Seated across from Catherine on the ferry, Rand said, “You have to realize the backwards nature of the thing. Cornelius never meant to impersonate Taz at the beginning—I’m sure of that. He was forced into it, to cover up the real meaning of the first victim’s dying message.”
“Real meaning? But the man wrote TAZ in his own blood!”
“Not exactly. Alexander II was killed in the Russian embassy in Vienna, so we can safely assume his body was found by Russians. They reported, and I was told, that the dying man wrote Taz’s name in Russian! But consider the facts. The members of the Tsar network were recruited for their expertise in English, and the first victim actually had it as a native tongue thanks to a British mother. It was said he thought in English. So it’s more likely his dying message was written in English rather than Russian.”
“Of course!” she agreed readily. “There is no Z in the Russian alphabet! TAZ would be written TA3 in Russian.”
“Exactly. The Russian symbol for Z looks exactly like the number 3. If the dying man wrote in English, which I’ve shown is likely, then he was writing TA3 and not the name of the dead Russian.”
“TA3.”
“A dying man’s quick abbreviation of Tsar Alexander III, the only name by which he’d ever known Cornelius.”

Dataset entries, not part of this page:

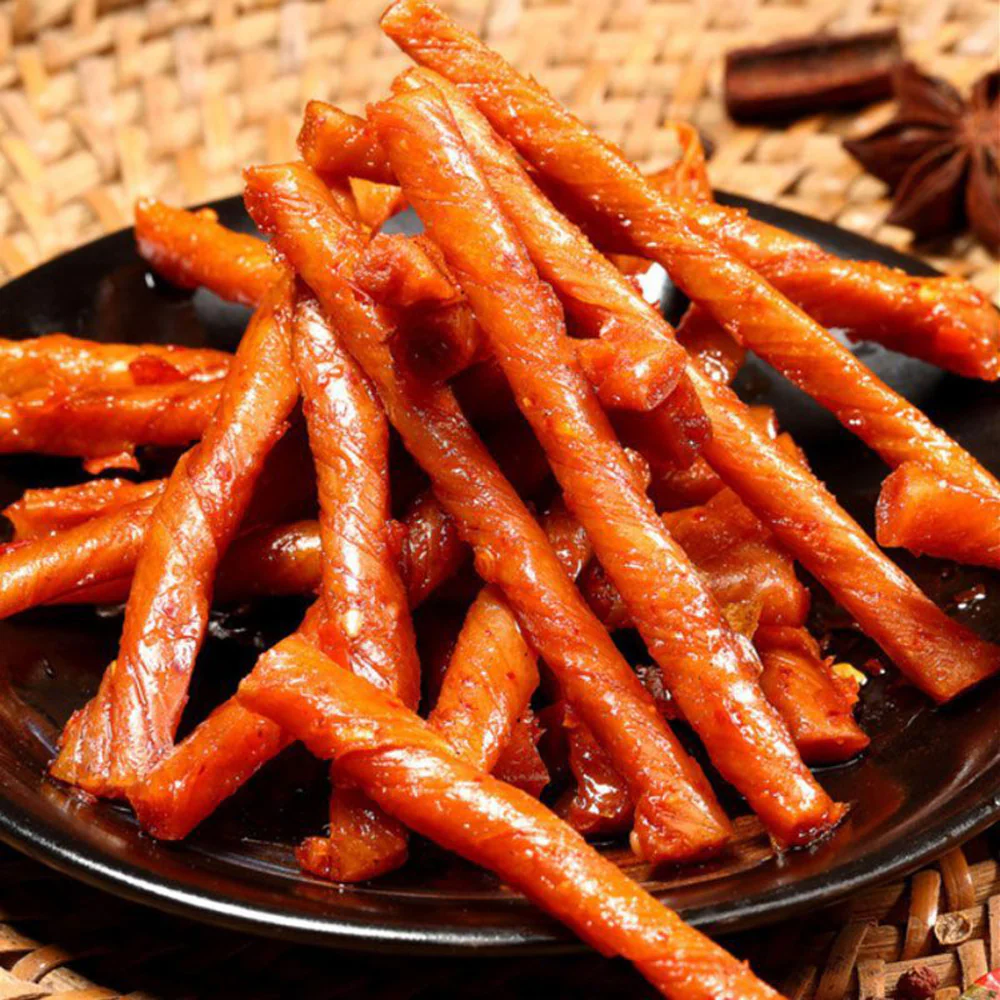 Wulala Mama Garlic Bean Sticks - 100g - Image 3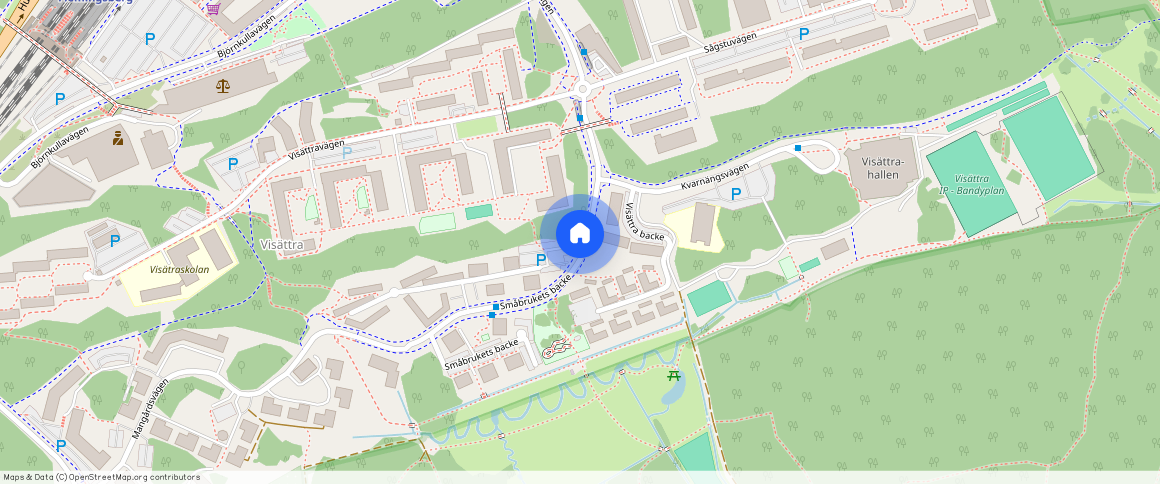 Flemingsberg, Huddinge, Stockholm, Visättravägen 6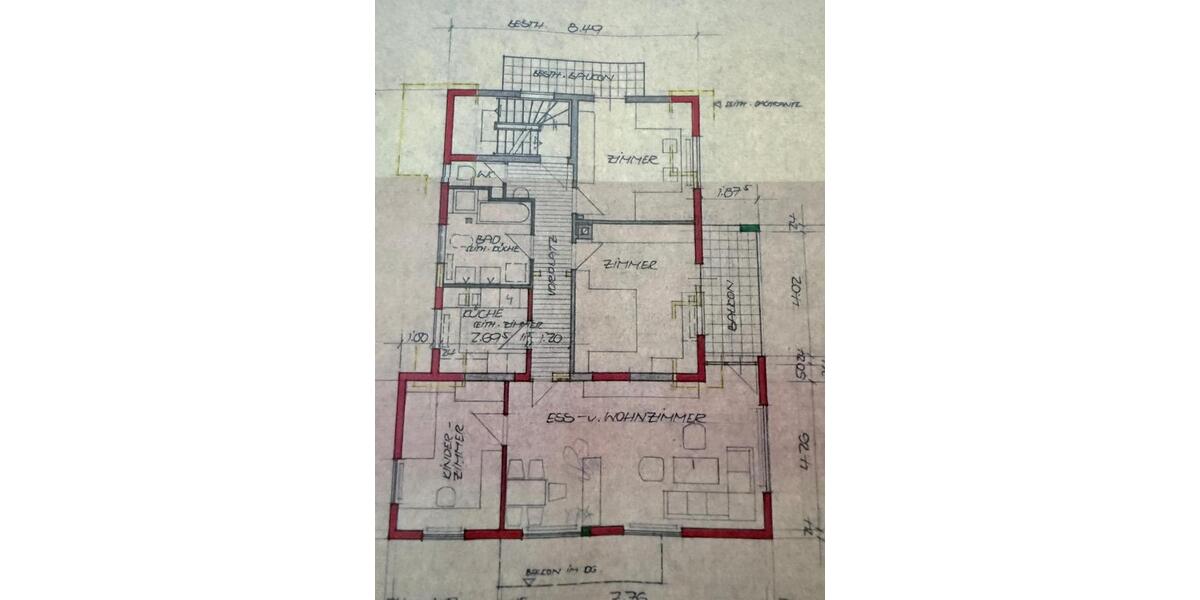 Etagenwohnung Waiblingen Bittenfeld - 4 Zimmer, 110 m&sup2;, 1.250&euro; | Angebot:27594267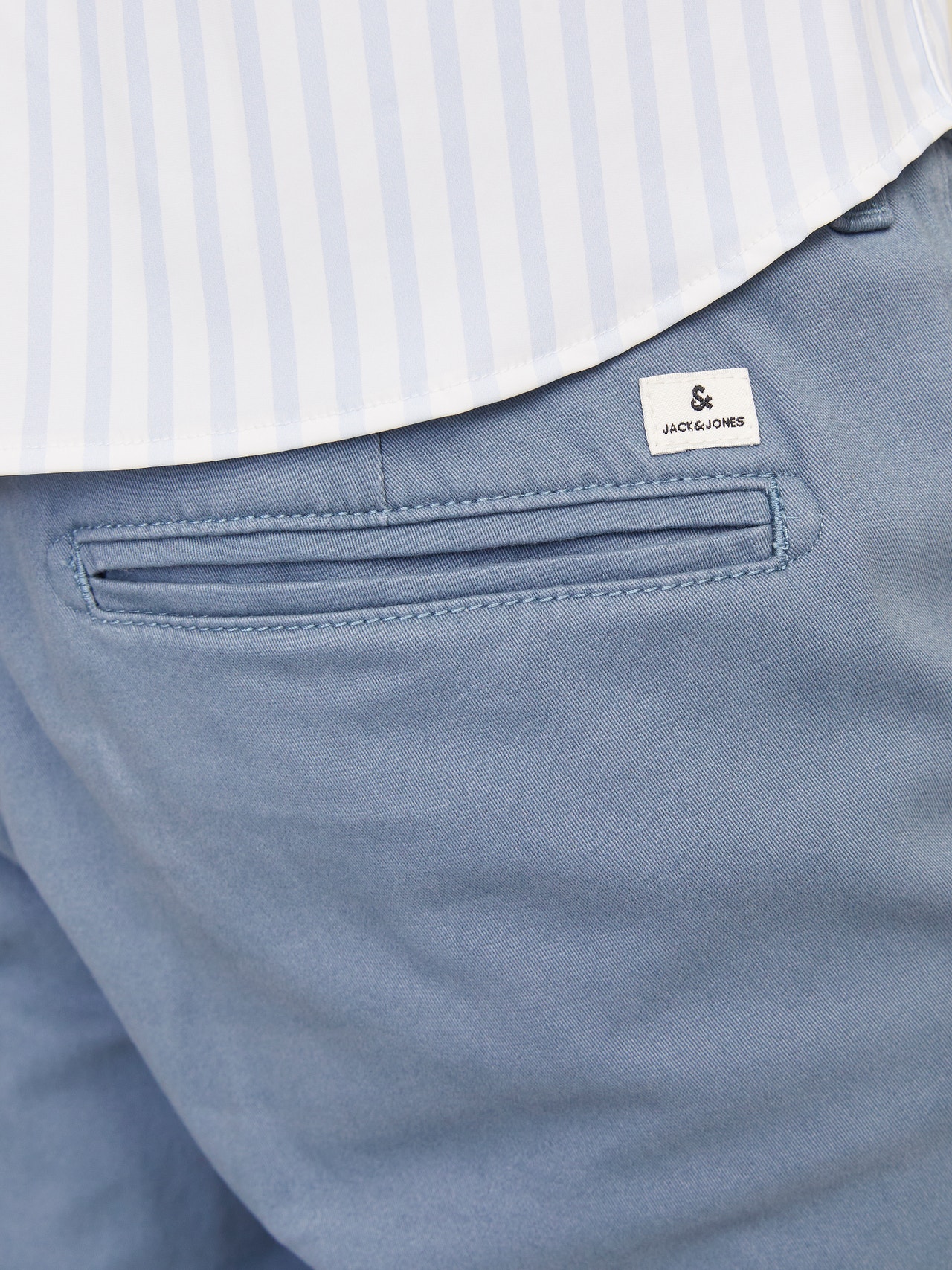 Jack & Jones Slim Fit Plátěné kalhoty Chino -China Blue - 12174152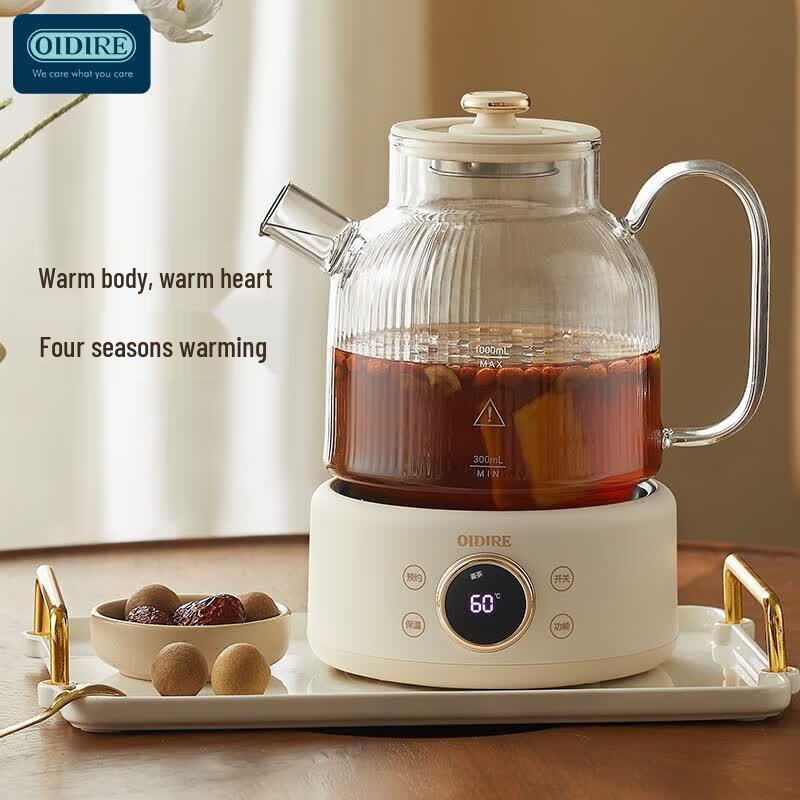 OIDIRE Multi-functional Glass Wellness Kettle CN plug (adapter included)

“But what about the letter and phone calls from Taz?”
“Cornelius realized the meaning of the dying message at once, naturally, but when the people in Moscow mistook it for a reference to the dead Taz he strengthened the theory by writing that letter. The phone calls, carefully placed to people not familiar with Taz’s voice, did the same. As long as they were thinking about Taz, they weren’t looking for another meaning to TA3.”
“He would have killed me too.”
“Yes, he would have. Both of us. Actually what puzzled me from the beginning was how Taz could know the cities these old agents were working in. And even more puzzling, how he could get close enough to cut their throats even after they’d been warned. Cornelius held an important Moscow post, with access to that information. And even men on their guard against Taz relaxed when they saw it was him—their old comrade from the Tsar Network. He even got to Nicholas, who was armed and expecting an attack.”
Catherine thought of something. “What did you do with my Beretta?”
“Left it in Nicholas’ hand. If the police think they killed each other, so much the better.”
“Why did Cornelius do it?”
“Moscow sent him to make contact with me, so he was high up in the chain of command. I suspect he was in line for an even bigger position, and he felt the need to remove any trace of a past indiscretion. I think Cornelius betrayed Paul to the West Germans fifteen years ago. Either that or some bungle of his caused Paul’s arrest. In any case, he had to silence the witnesses, the members of the old Tsar Network, before he’d be safe in his new position.”
“And you came into it only because of Taz? Because you wanted a chance to battle him again?”
“No,” Rand answered, remembering the old Russian’s face the last time they’d met. “I wanted a chance to prove him innocent of these murders.”
At Holyhead they shook hands rather formally before parting, and Catherine the Great said, “Perhaps we’ll meet again.”
Rand answered with a smile. “But if we do, we’ll probably be enemies.”